Rod Rosenstein says he's defending Constitution, not worried about reputation

U.S. Deputy Attorney General Rod J. Rosenstein told a Baltimore business group Monday his top concern in Washington is defending the Constitution.

The comment came less than a week after he was thrust into the national spotlight when the White House used a memo he wrote to explain why the FBI director was fired.

Rosenstein — who stepped down from his longtime job as U.S. attorney for Maryland after he was tapped by President Donald J. Trump for his new job — said some have urged him to take steps to protect his reputation, but that's not what concerns him.

"Many people have offered me unsolicited advice over the past few days about what I should do to promote my personal reputation," Rosenstein told about 1,000 people gathered for the Greater Baltimore Committee's annual dinner meeting at a downtown hotel.

"I took an oath to preserve, protect and defend the Constitution of the United States. There is nothing in that oath about my reputation. If you ask me, one of the main problems in Washington, D.C., is everybody is so busy running around trying to protect their reputation instead of protecting the republic, which is what they're supposed to be doing."

After his speech, Rosenstein said he had no comment on reports published late Monday that Trump revealed classified intelligence to the Russian foreign minister and ambassador during a meeting last week in the White House. Rosenstein also declined to comment on the president's assertion that no special prosecutor is needed to investigate Russian interference in the November election.

Attorney General Jeff Sessions has recused himself from any investigations into the Trump campaign's ties to Russia, leaving the task in Rosenstein's charge.

Rosenstein attended the meeting Monday night to accept an award for demonstrating courage in public service for his time as U.S. attorney for Maryland.
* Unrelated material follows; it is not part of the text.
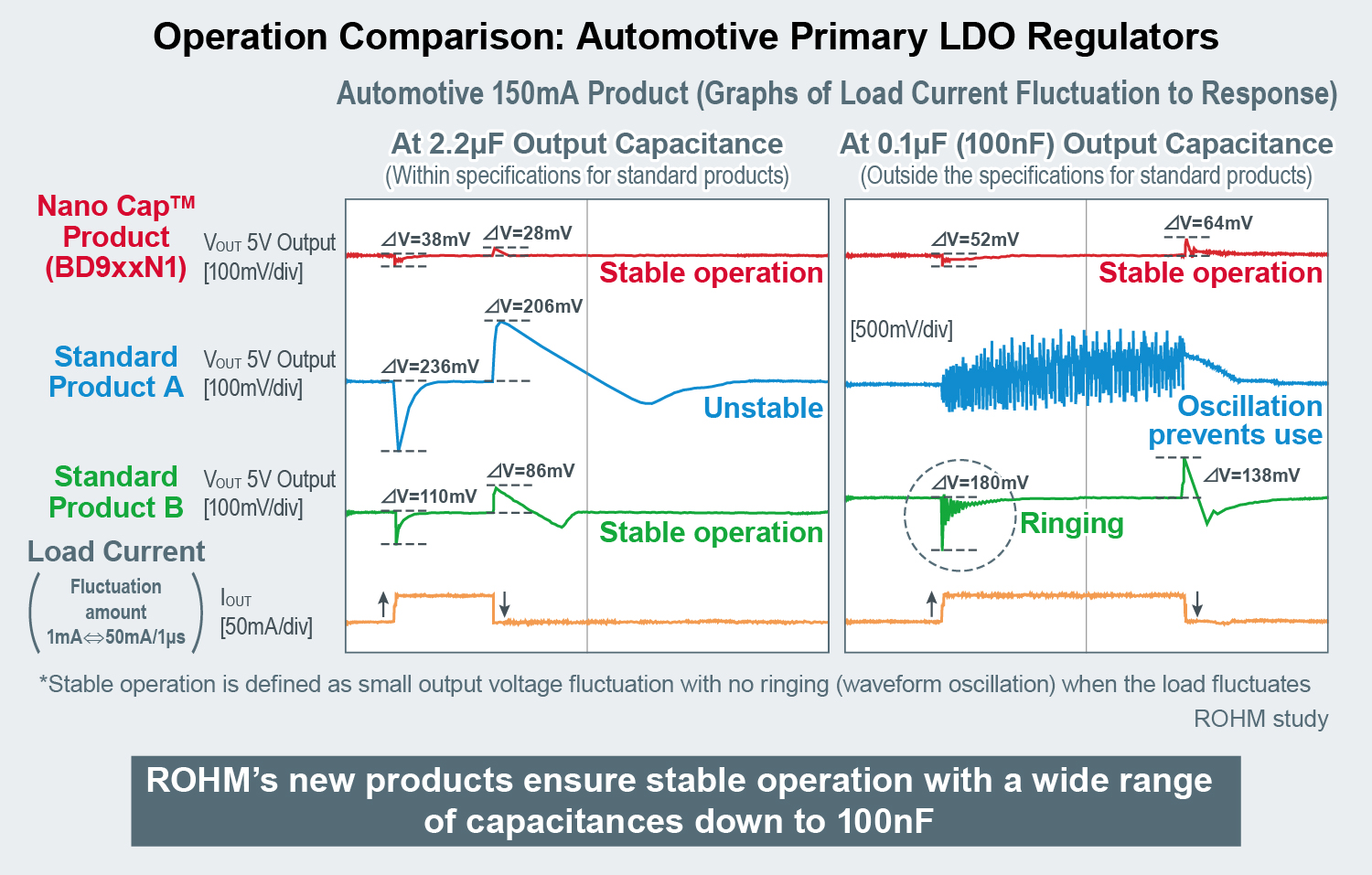 Operation Comparison: Automotive Primary LDO Regulators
He was confirmed last month to the No. 2 position in the Justice Department.

Known for avoiding politics while serving in Maryland, Rosenstein drew criticism from Democrats for his memo laying out the Trump administration's case against FBI Director James B. Comey.
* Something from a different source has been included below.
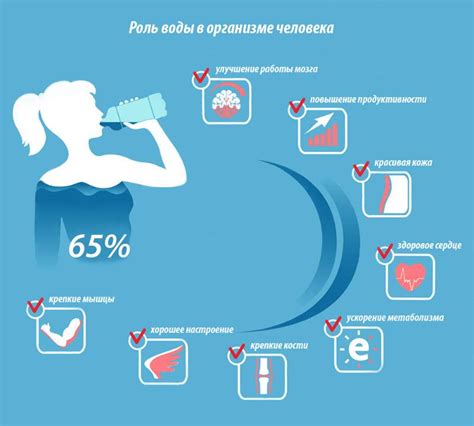 Почему забота о гигиене важна для организма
Rosenstein has not said whether he feels an independent prosecutor is necessary.

He opened his comments at Monday's reception by saying, "It's nice to be in Baltimore and it's really nice not to be in Washington, D.C." for a few hours.

Rosenstein, who lauded the work of the vast majority of police during his brief remarks, drew laughter several times.
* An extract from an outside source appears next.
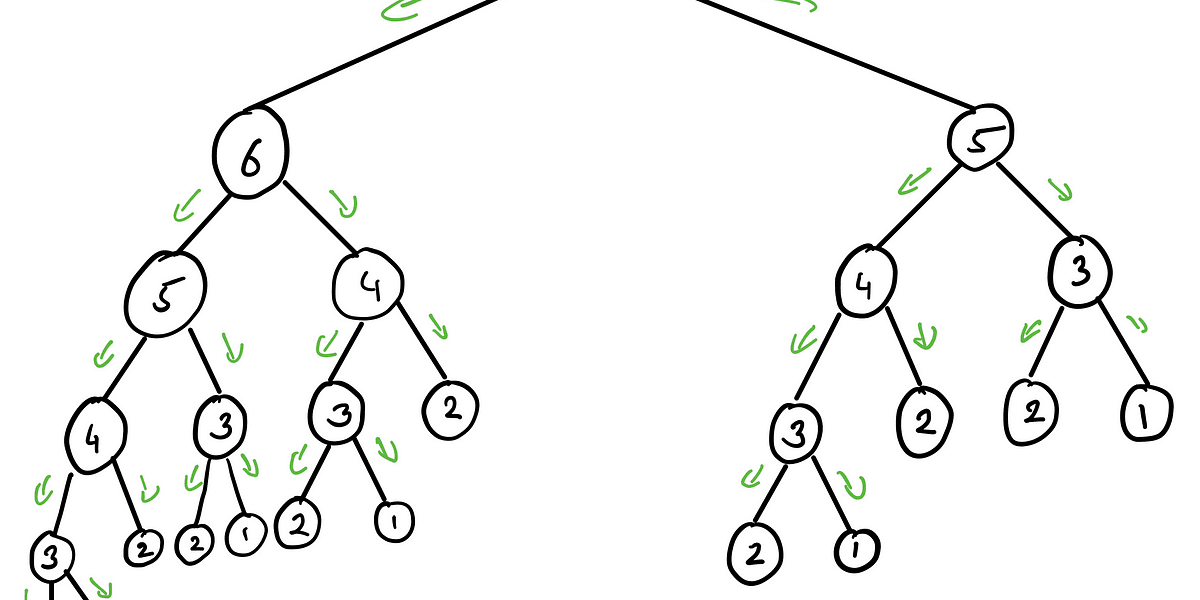 The fibonacci sequence part 1: From O(2^n) to O(n)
"'Some say Rod Rosenstein's job is one of the most precarious positions in public service.' That was written in 2007. I was U.S. attorney for Maryland," Rosenstein said to laughter.

He said a friend sent him a text message after the memo on Comey was released, urging him to "get out of there."

"I responded to my friend and I said, 'There is no place I would rather be,'" Rosenstein said.

"What is courage in government? It certainly includes standing on principle, ignoring the tyranny of the news cycle, resisting the urge to spin, remaining focused on the things that matter. The daily newspapers and endless talk shows are not the verdict of history."